Senior Manager Audit and Compliance

Who are we?

 MIT Lincoln Laboratory is a Federally Funded Research and Development Center (FFRDC) whose mission is research in support of National Security.

* Mission - The Security Department’s (SD) overall mission is to enable research and development while keeping the Lincoln Laboratory community safe and secure through the protection of information, network, facilities and personnel.
* Culture – We foster an inclusive, opportunity-filled environment of empowered team members from diverse backgrounds

What will you do?

The Senior Security Manager, Audit & Compliance is responsible for leading the Laboratory’s independent security assurance and compliance program across unclassified, collateral, and special access environments. Reporting directly to the Chief Security Officer (CSO)/Chief Information Security Officer (CISO), this role provides objective oversight of security compliance, audit readiness, risk management, and continuous improvement efforts. The position operates independently from mission-support security functions and serves as a key advisor to executive leadership on organizational security posture, regulatory compliance, and inspection readiness. 

Key Responsibilities
* Lead and manage the Laboratory’s security audit, compliance, inspection, and risk assessment programs. 
* Supervise a team of security auditors, compliance specialists, and risk management professionals. 
* Develop and implement audit methodologies, compliance monitoring processes, and risk-based assessment strategies. 
* Plan and oversee self-inspections, government security reviews, compliance assessments, CMMC evaluations, CORA readiness activities, privacy reviews, and corrective action validation efforts. 
* Prepare the organization for DCSA, Air Force, Intelligence Community, and program sponsor-led inspections and assessments. 
* Monitor changes to government security regulations and provide guidance to leadership on compliance requirements and associated risks. 
* Evaluate security controls, classified facility compliance, access control procedures, safeguarding practices, and physical security requirements. 
* Develop compliance metrics, dashboards, and executive reports to measure program effectiveness and identify trends. 
* Lead corrective and preventive action (CAPA) initiatives and continuous improvement efforts to strengthen security performance and reduce risk. 
* Partner with Laboratory leadership, government representatives, and oversight organizations to ensure effective remediation and long-term compliance. 
* Support policy development, governance initiatives, workforce training, and organizational awareness programs that promote a culture of compliance and accountability. 

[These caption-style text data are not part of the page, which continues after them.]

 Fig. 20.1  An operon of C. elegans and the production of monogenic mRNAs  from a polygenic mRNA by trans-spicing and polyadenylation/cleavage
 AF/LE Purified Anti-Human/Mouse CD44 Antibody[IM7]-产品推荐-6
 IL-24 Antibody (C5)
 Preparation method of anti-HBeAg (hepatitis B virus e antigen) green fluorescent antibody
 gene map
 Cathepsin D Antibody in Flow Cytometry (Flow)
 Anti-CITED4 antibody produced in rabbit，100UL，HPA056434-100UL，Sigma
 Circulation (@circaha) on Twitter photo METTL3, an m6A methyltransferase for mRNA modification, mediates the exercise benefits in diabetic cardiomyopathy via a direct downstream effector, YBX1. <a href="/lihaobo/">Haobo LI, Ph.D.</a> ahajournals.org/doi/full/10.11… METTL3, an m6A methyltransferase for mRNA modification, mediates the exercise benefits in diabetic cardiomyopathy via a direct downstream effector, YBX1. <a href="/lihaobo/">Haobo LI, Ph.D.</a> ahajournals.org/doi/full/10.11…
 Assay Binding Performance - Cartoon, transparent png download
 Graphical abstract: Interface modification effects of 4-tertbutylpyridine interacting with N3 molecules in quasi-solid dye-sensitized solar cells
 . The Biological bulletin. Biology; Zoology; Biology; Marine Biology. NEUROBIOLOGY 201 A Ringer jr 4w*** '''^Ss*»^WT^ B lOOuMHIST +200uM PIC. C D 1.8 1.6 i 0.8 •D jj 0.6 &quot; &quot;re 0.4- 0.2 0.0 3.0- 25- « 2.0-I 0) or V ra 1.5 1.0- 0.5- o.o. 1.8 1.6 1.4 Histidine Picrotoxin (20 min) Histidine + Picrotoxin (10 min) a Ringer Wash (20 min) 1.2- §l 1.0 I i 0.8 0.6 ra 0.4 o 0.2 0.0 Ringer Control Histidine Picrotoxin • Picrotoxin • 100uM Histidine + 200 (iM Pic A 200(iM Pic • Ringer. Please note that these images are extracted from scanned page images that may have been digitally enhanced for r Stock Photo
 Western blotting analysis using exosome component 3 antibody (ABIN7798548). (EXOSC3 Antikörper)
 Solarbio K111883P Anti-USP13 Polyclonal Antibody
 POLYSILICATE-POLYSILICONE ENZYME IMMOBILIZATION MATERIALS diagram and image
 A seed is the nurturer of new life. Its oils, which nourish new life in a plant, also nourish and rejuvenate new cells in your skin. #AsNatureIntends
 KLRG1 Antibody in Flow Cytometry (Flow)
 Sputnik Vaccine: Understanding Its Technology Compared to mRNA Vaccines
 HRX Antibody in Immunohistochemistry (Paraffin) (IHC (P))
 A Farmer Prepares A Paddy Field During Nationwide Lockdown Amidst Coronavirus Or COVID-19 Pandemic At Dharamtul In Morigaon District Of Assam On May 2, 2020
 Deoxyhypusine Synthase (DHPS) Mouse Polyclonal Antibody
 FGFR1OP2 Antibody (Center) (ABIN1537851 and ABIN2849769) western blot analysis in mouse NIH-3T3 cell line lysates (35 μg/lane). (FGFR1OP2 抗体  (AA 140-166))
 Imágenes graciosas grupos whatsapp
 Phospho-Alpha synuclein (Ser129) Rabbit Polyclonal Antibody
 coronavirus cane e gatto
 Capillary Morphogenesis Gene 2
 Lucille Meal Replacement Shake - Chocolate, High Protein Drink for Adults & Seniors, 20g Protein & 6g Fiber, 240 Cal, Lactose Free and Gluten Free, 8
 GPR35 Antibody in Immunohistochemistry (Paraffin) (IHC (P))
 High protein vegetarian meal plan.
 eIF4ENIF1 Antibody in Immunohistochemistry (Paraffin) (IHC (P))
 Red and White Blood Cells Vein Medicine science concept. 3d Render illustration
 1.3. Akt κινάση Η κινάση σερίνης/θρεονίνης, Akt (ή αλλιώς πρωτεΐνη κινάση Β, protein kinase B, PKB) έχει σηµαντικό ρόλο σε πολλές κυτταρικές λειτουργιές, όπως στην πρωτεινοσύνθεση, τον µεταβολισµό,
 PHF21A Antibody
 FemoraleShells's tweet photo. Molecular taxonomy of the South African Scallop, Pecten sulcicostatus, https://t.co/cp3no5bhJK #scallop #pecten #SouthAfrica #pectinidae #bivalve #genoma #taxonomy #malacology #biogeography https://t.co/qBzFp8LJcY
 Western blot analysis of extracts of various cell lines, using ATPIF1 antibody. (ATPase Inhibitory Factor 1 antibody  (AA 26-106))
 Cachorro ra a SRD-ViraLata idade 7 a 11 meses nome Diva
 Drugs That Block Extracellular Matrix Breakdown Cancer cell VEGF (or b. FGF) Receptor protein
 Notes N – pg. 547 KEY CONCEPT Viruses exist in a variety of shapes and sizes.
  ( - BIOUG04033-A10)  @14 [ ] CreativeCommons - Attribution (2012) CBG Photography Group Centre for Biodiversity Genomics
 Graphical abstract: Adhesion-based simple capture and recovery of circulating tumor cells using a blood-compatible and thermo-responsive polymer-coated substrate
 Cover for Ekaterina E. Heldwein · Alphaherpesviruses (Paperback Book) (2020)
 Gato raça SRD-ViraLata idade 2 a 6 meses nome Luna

What you need/Requirements:

For this position, you must meet these basic requirements: Bachelor’s degree in Security Management, Cybersecurity, Information Assurance, Business Administration, Criminal Justice, or a related field, or equivalent combination of education and experience. 
* Minimum of 10 years of experience in industrial security, compliance, audit, inspection, or risk management within a cleared defense, intelligence, federal research, or government contractor environment. 
* Minimum of 7 years of leadership experience managing professional staff and complex security programs. 
* Demonstrated success leading enterprise-level audit, compliance, inspection, or assessment programs and supporting government inspections. 
* Strong knowledge of NISPOM 32 CFR Part 117, CUI requirements, DAAG, ICDs, DO Manuals, DoD security regulations, CMMC 2.0, NIST frameworks, risk management principles, and audit methodologies. 
* Exceptional communication, analytical, and leadership skills, with the ability to brief senior executives, government officials, and external auditors. 
* Candidates must possess one or more of the following audit, security, or compliance certifications, or be able to obtain it within 12 months of hire: Certified Information Systems Auditor (CISA), Certified Internal Auditor (CIA), Certified CMMC Assessor (CCA) ISO 19011 Lead Auditor Training Certificate
* Active Top Secret security clearance with eligibility for access to compartmented programs. 
* Availability for occasional travel and after-hours support during security incidents or inspections. 
* Position may require local and overnight travel.
* Subject to pre-employment and periodic background investigations.

Ideally, you will have:

* Experience supporting FFRDC/UARCs, Department of War organizations, Intelligence Community agencies, or major defense contractors. 
* Experience with SAP, SCI, and compartmented security programs. 
* Experience managing DCSA Security Vulnerability Assessments and other government oversight activities. 
* Experience implementing governance, risk, and compliance (GRC) tools and leading enterprise continuous improvement initiatives. 
* Professional certifications such as CISA, CISSP, CISM, CompTIA Security+, CRISC, Certified CMMC Assessor (CCA), ISO 19011 Lead Auditor, or related security and compliance credentials.